TRY IT = Leave the images aside and copy out the whole listing, exact to the word.

DATA PROVIDED =
┏━━

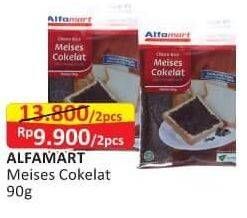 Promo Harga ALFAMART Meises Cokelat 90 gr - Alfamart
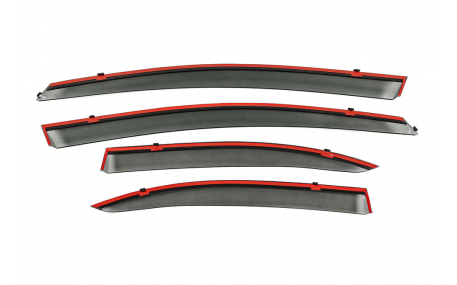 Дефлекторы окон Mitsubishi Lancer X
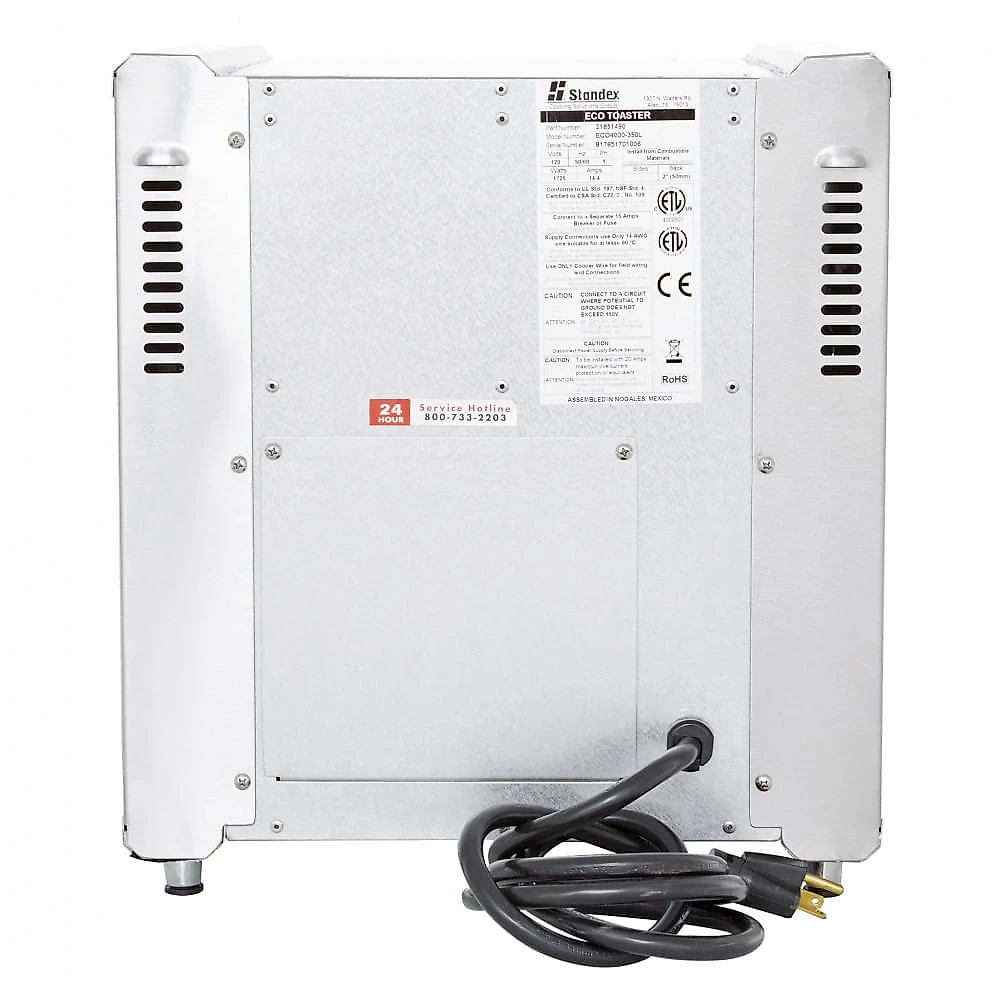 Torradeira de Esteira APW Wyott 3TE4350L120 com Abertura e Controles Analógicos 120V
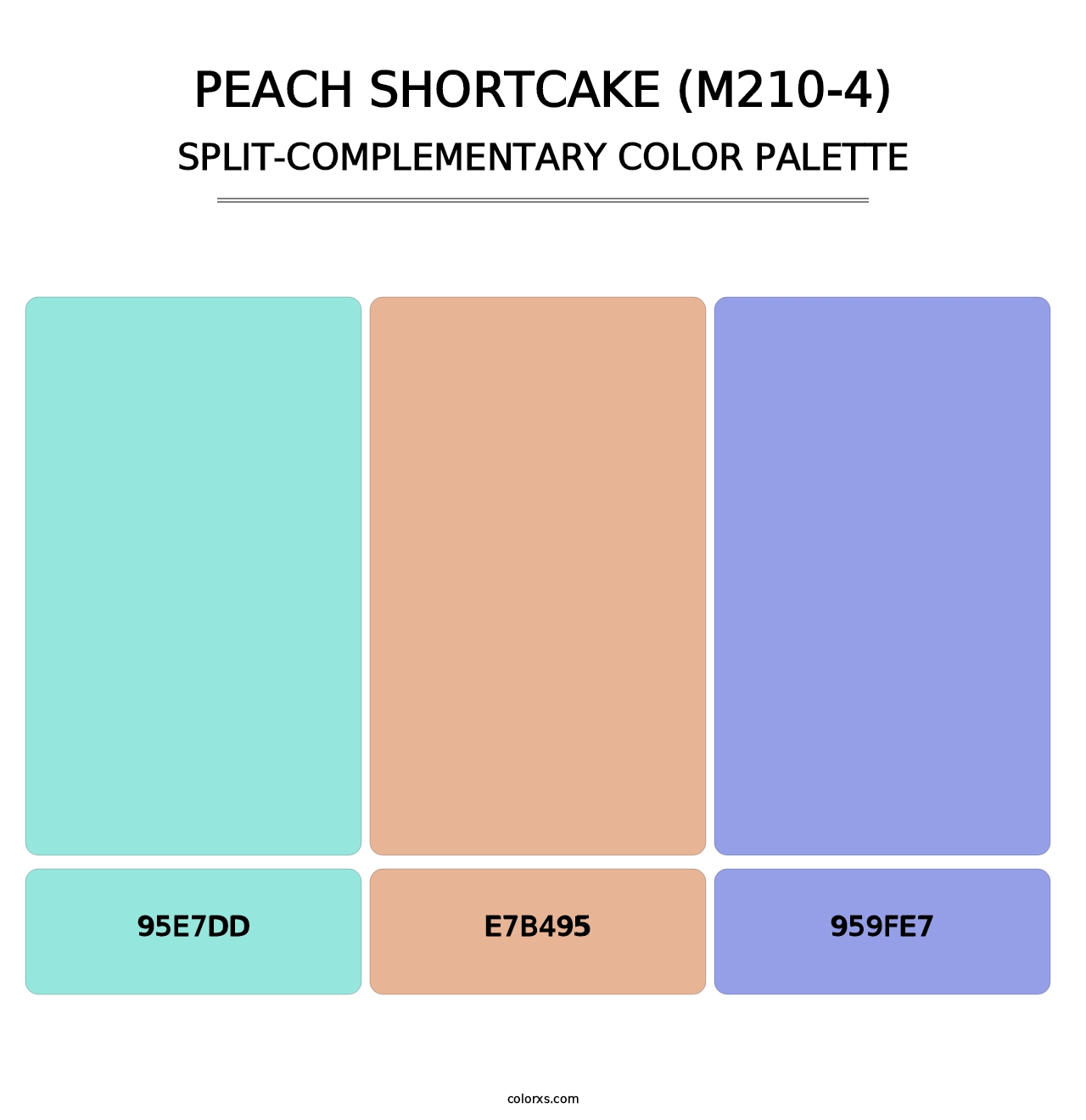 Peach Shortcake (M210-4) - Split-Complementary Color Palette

┗━━

TASK SOLUTION =
 Promo Harga ALFAMART Meises Cokelat 90 gr - Alfamart
 Дефлекторы окон Mitsubishi Lancer X
 Torradeira de Esteira APW Wyott 3TE4350L120 com Abertura e Controles Analógicos 120V
 Peach Shortcake (M210-4) - Split-Complementary Color Palette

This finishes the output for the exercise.